Joe, happy to look at Instruments profiles with you sometime.

Think of the SwiftUI/Combine case you mentioned as an important and also lock bound high message count overhead case, with not much actual compute. I was the chief architect of JavaFX, SwiftUI's great grand dad, and am aware of the case you are dealing with.

Think of Brighten AI, our system - as as a wide open concurrent compute system all cores engaged for 200ms, and unlike SwiftUI/Combine doesn't have a bunch of threading constraints (SwiftUI and main), so compute can go wide open. What we found building it is that ARC tends to insidiously get in the way, either because of variable sized structs, collection use, ownership through stack pops, etc. To be clear, we also built new storage sub systems to manage our systems streaming inputs. SQL/CoreData/Realm/etc. all had the same stomp on the allocator and locks performance issues that would have killed us.

We use actors for course grained concurrency, and the ultra high perf stuff for our streaming recognition inside one of the actors.

1 Like

Im late to the party i know..

But all of this makes me think how it was a missed opportunity for Swift
to have used its own Generics subsystem to support tagging the objects
instead of backing it in directly in the compiler as a keyword.

If we had something like:


etc.., it would much better for the community to come up with its own solutions to different scenarios and grow in a organic fashion.

Now we need to wait until things become keywords, and theres no way to fight against a compiler that will hardcode release/retain as a compiler pipeline step.

Imagine if instead of having to wait for a 'strong' keyword we could have designed a strong<> holder that would use simple alloc and free directives.

Swift is one of the most beautiful and cool languages to develop in out there, its a pitty that most of its flaws on the design are there because it had to be compatible with Objective C.

1 Like

I'm not an expert on this but I found that Nim lang recently started to use ARC, and they mention that this change has improved Nim's performance. The difference between Swift and Nim ARC implementation is that Nim's one doesn't use Atomic ARC. They explain all of this here. Maybe swift with a concurrency model, could make optimizations under the hood and perform ARC nonatomic like Nim and could improve language performance.

The last two posts are along the lines we are advocating- one way to do it is to replace ARC's global memory ideas, and let eng teams use API constructs to tell ARC how to act. We get a lot of bang out of generational alloc- an infant generation that looks alot like stack alloc, but is actually a mini heap- but importantly- because there is no (lock/atomic), you get ultra fast alloc, and you just graduate infants to the another heap as you need to. And as Fabio says, lets just make it possible to get ARC out of the way, or change its characteristics. Using Unsafe stuff works, but there are more sugary ways to do it.

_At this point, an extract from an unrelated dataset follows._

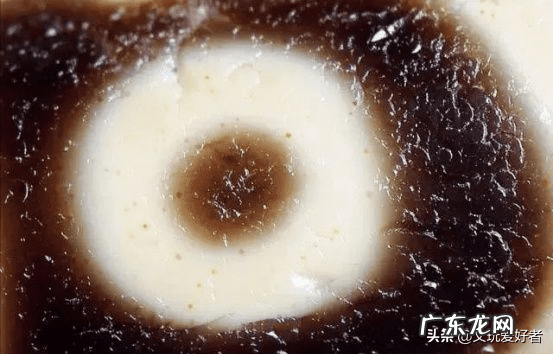 三眼天珠寓意 吉祥风水天珠是几眼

There are some limited optimizations to turn refcounts into nonatomic operations when we know the object being referenced doesn't escape to other threads, but it's difficult to do much of that today because Swift as a whole does not have a strong notion of threads. However, recent Apple Silicon hardware, like the A14 CPU in the latest iPhones and iPads, new makes uncontended atomic operations almost as cheap as nonatomic accesses, making that kind of compile-time optimization less necessary.


? Your link takes me to a page with no code on it AFAICT.

Dave, the code on the left is an actor DSL, and the code on the right in a swift knowledge graph DSL.
At Swift | Brighten AI.

Joe, yeah we have to add Api to let engineering teams talk about threads. The actor model is a way to do that. Once in the actor, you have to be able to say "actor local allocation". Then you can use an actor private heap, with no lock.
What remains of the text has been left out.